Your task is to copy the records that follow exactly, minus any images.

→ **RECORD EXCERPTS**

──────────

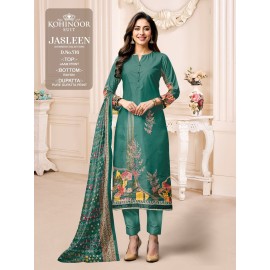JASLEEN 716 KOHINOOR (Pure Dupatta)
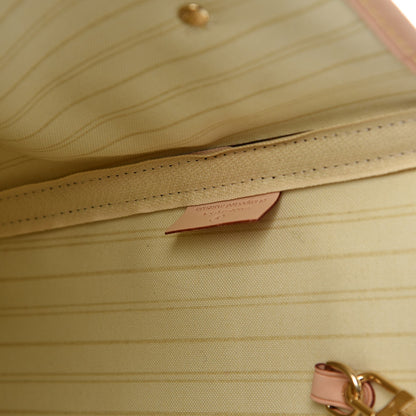 Louis Vuitton Monogram Tahitienne Saint Barth Neverfull MM 7 of 10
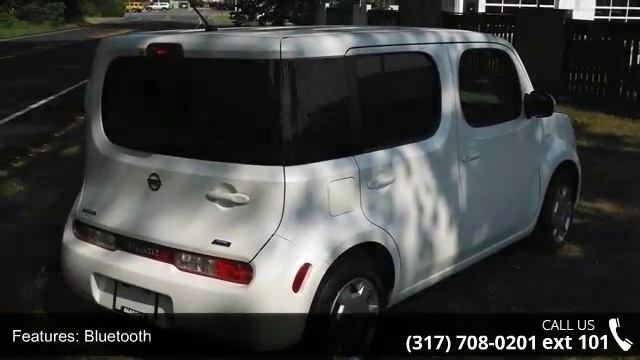 2014 Nissan Cube S - Blossom Chevrolet - Indianapolis, IN...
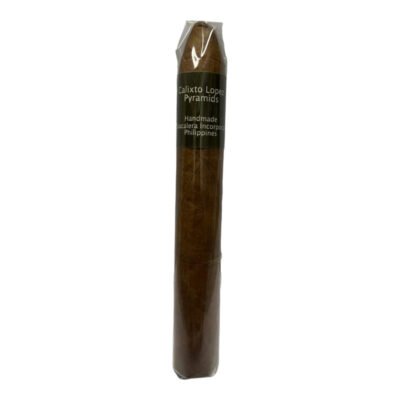Calixto Lopez Pyramid Single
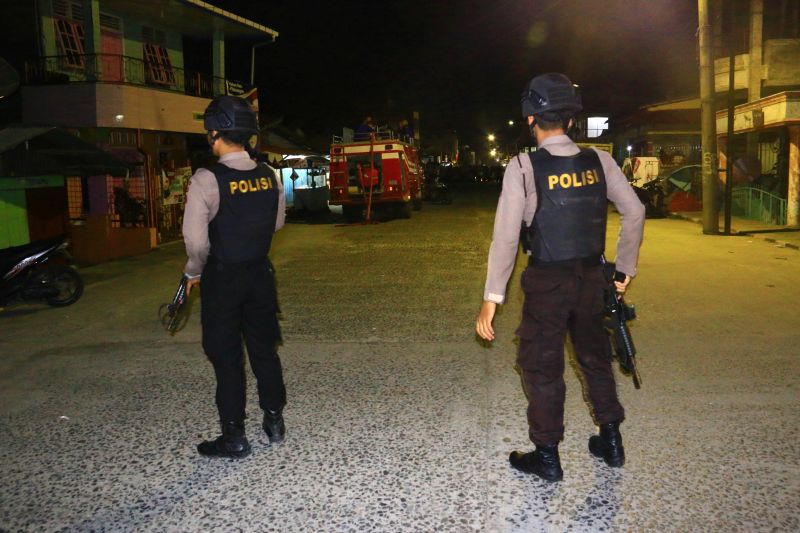 Densus 88 tangkap satu terduga teroris di Bandung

──────────

→ **EXPECTED ANSWER**
JASLEEN 716 KOHINOOR (Pure Dupatta)
 Louis Vuitton Monogram Tahitienne Saint Barth Neverfull MM 7 of 10
 2014 Nissan Cube S - Blossom Chevrolet - Indianapolis, IN...
Calixto Lopez Pyramid Single
 Densus 88 tangkap satu terduga teroris di Bandung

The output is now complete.